Despite the convoluted hype, the Russian leader was not even named in the latest files leaked from the Panama-based law firm, Mossack-Fonseca. The firm specializes in setting up shell companies for rich clients in overseas jurisdictions, thus helping these clients evade tax in their home countries.
Western media outlets predictably leapt to racy implications about Putin because, among the thousands of clients named, some apparently had a personal friendship with the Russian president. The Kremlin dismissed the speculation of financial impropriety as "more fibs" that the Western media periodically indulges in in order to smear Putin.
Turns out, however, that the seeming attempt at smear has gone awry, and instead has backfired badly, with gooey egg running off the face of British Prime Minister David Cameron.
Those territories include British Virgin Islands, the Bahamas, Cayman Islands, Guernsey and the Isle of Man.

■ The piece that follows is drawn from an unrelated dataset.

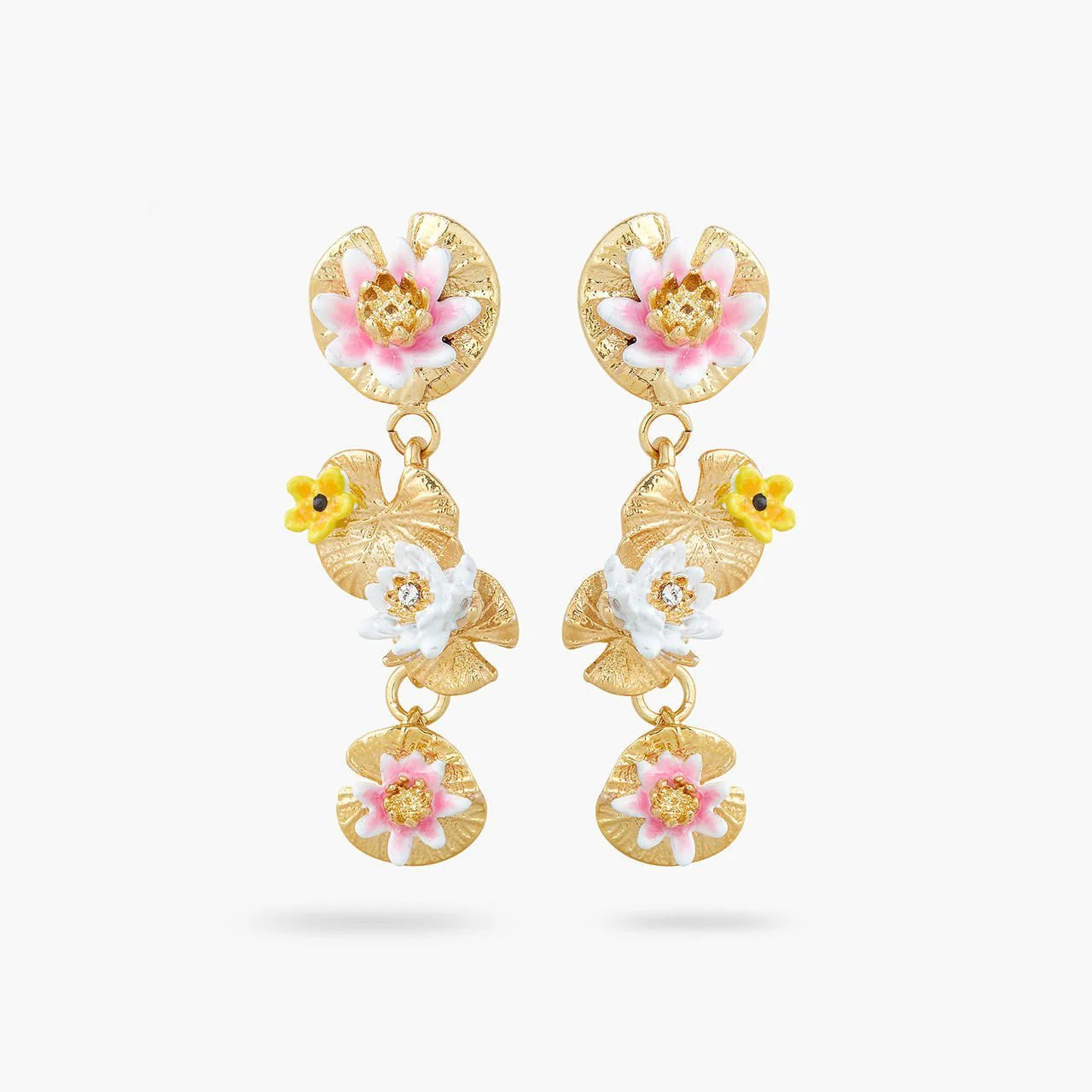 White Water Lily And Lapis Lazuli Earrings | AQJF1071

In this way, Britain's rich elite, banks and other corporations could save billions of pounds from paying taxes to the British government.
Amazingly, perhaps, these rich men's financial tricks are not considered illegal by the authorities. Although, most people would at least discern them to be unethical practice.

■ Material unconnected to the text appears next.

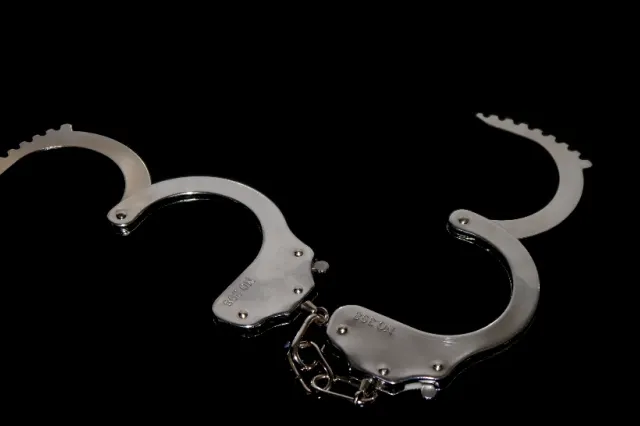 Bărbat din Mehedinţi, arestat preventiv pentru pornografie infantilă în formă agravantă şi şantaj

Premier David Cameron this week denied having any shares or trusts in overseas tax havens, and he claimed that his sole assets included his salary, savings and a family home. However, Cameron has been coy about answering directly the issue of whether he may have benefited from his father's wheeling and dealing.
When Cameron's father, Ian, died in 2010, his personal estate was reportedly valued to be the equivalent of $5 million, of which his son inherited $500,000. It was the same year that David Cameron was elected prime minister as leader of the Conservative Party.
Thus, it would seem self-evident that the British prime minister has indeed gained from the proceeds of tax avoidance through his late father's legacy. While strictly not illegal, nevertheless such a connection has politically foul whiff about it.
This scandal is not only confined to the occupant of 10 Downing Street. Several other senior members of his own party, including former ministers, have been named in the Panama Papers as patrons of tax-dodging shell companies.
What is amusing in all this is that yet another lame bid to slander the Russian president has ended up boomeranging on the heads of Western governments, and Britain in particular.
Iceland's prime minister Sigmundur David Gunnlaugsson has been forced out of office by widespread public anger over his involvement in alleged financial misconduct. Some 70 other world leaders and high public officials have also been singled out in the Panama Papers as having holdings in offshore firms.
With over 11 million files having been leaked, the financial dirt is bound to keep on mounting for weeks to come.
The heat is certainly growing under the feet of Britain's David Cameron and others members of his Tory government.